**Problem to solve**
For this exercise, reproduce only the lines from the one holding "China Christamas Decoration" through the final line of the data below, exactly, and omit pictures.

**Data for the task**
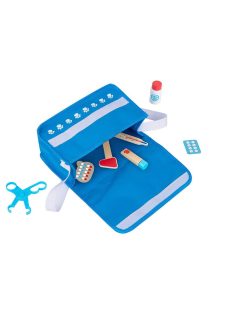 TOOKY fa kis állatorvosi játékszett 16dbos KÉK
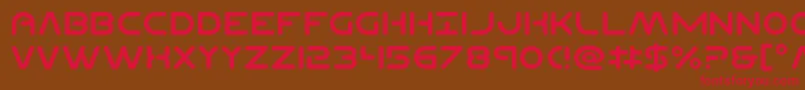 Planetncompact Font – Red Fonts on Brown Background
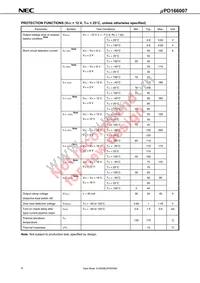 UPD166007T1F-E1-AY Datasheet Page 6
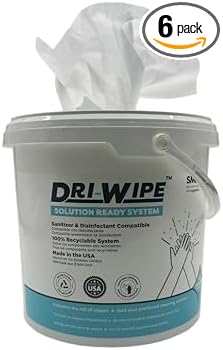 Dri-Wipe Solution Ready System (SRS) (90 Wipes Per Roll, 540, Count)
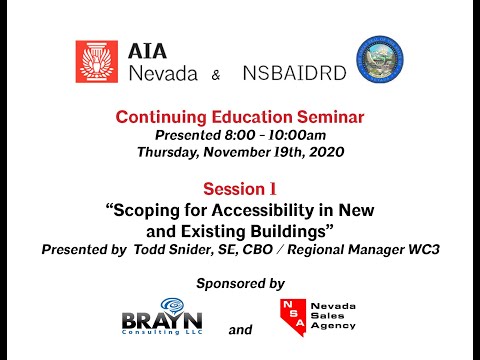 NSB 1 Scoping for Accessibility in New and Existing Buildings 1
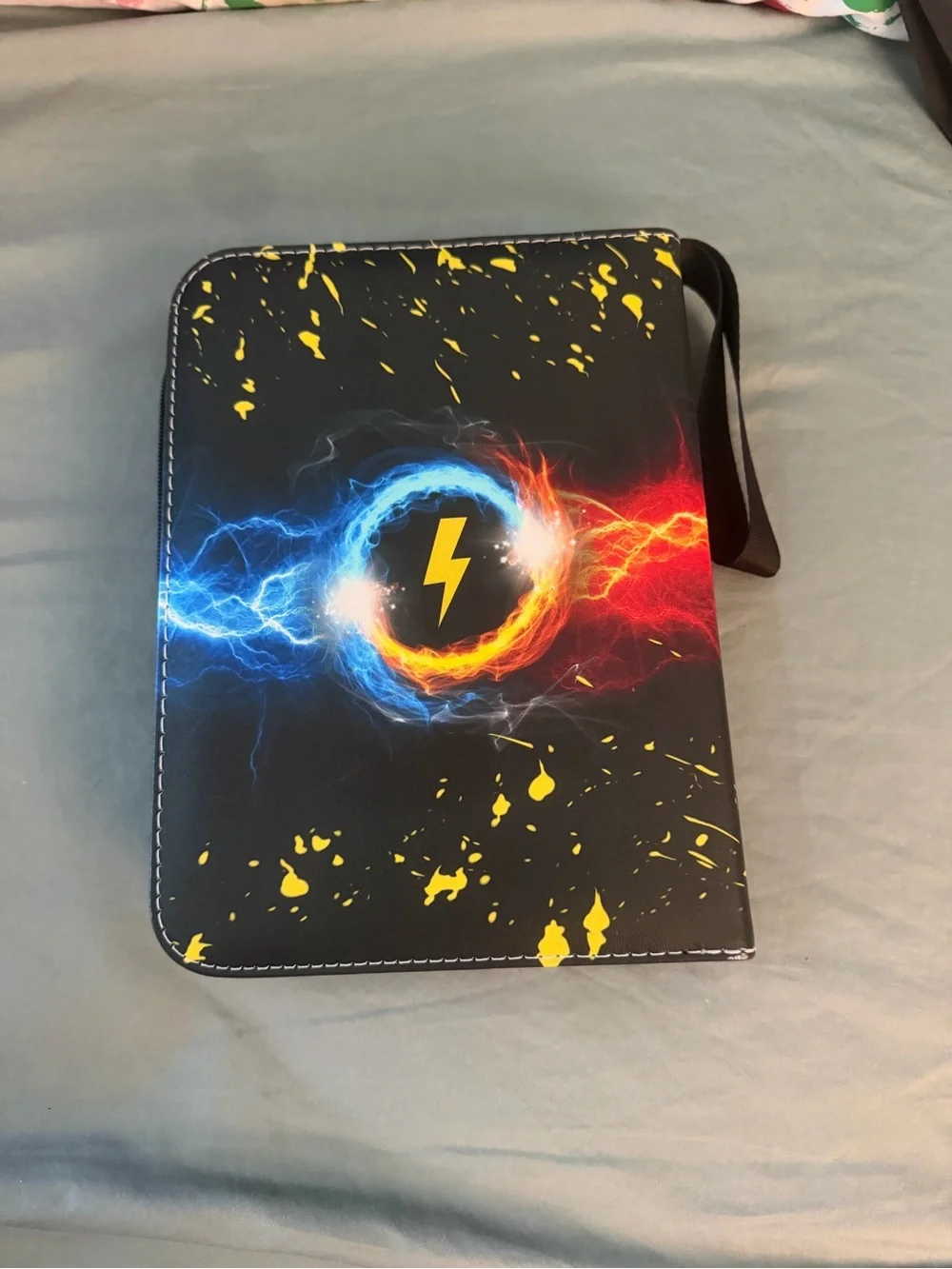 Pokemon Black Lightning Bult, Fire & Water Zip Up Binder 4 Pocket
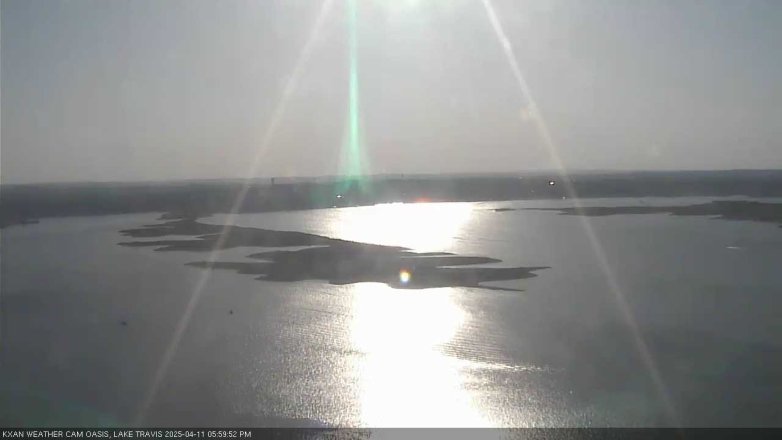 Lake Travis webcam, April 11, 2025 6:00 PM CT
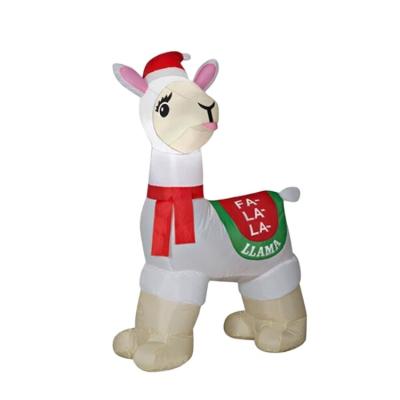 China Christamas Decoration 6FT Inflatable Alpaca With LED Light For Holiday Decoration for sale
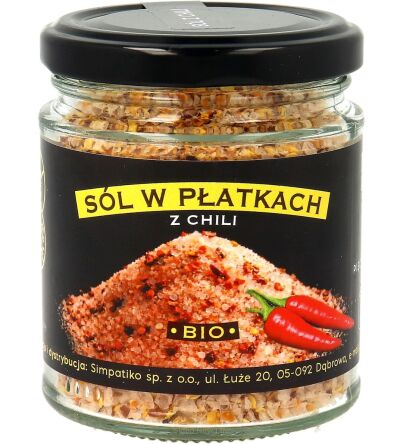 SÓL HIMALAJSKA W PŁATKACH Z CHILI BIO 85G - PIĘĆ PRZEMIAN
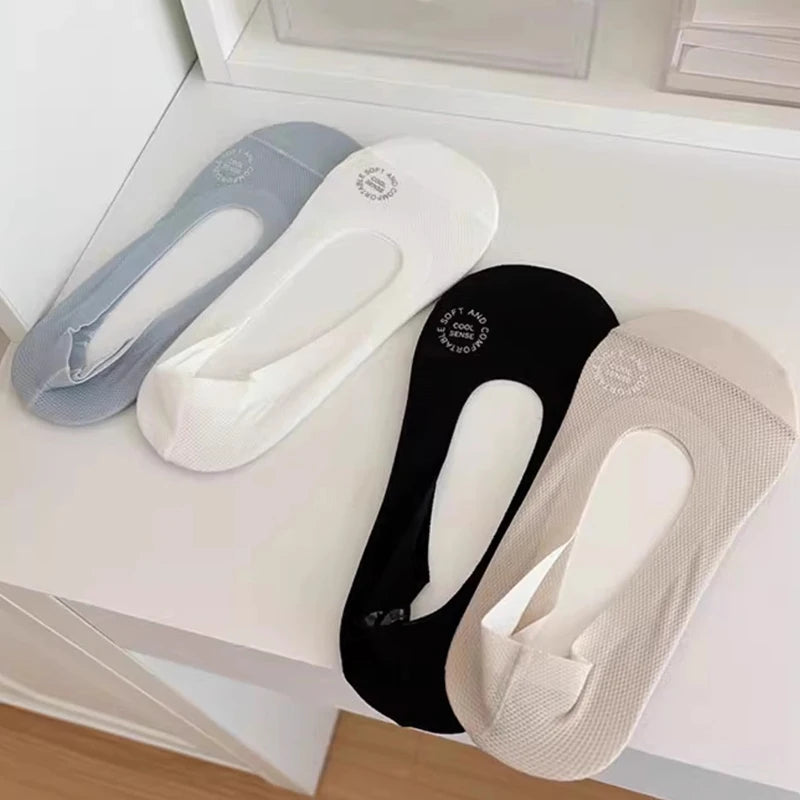 Women's Invisible Low-Cut Socks with Silicone Grip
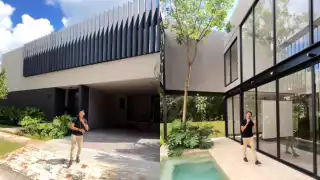 Tiktoker muestra cómo luce una casa de casi 20 mdp en la zona más cara de Mérida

**Finished exercise**
 China Christamas Decoration 6FT Inflatable Alpaca With LED Light For Holiday Decoration for sale
 SÓL HIMALAJSKA W PŁATKACH Z CHILI BIO 85G - PIĘĆ PRZEMIAN
 Women's Invisible Low-Cut Socks with Silicone Grip
 Tiktoker muestra cómo luce una casa de casi 20 mdp en la zona más cara de Mérida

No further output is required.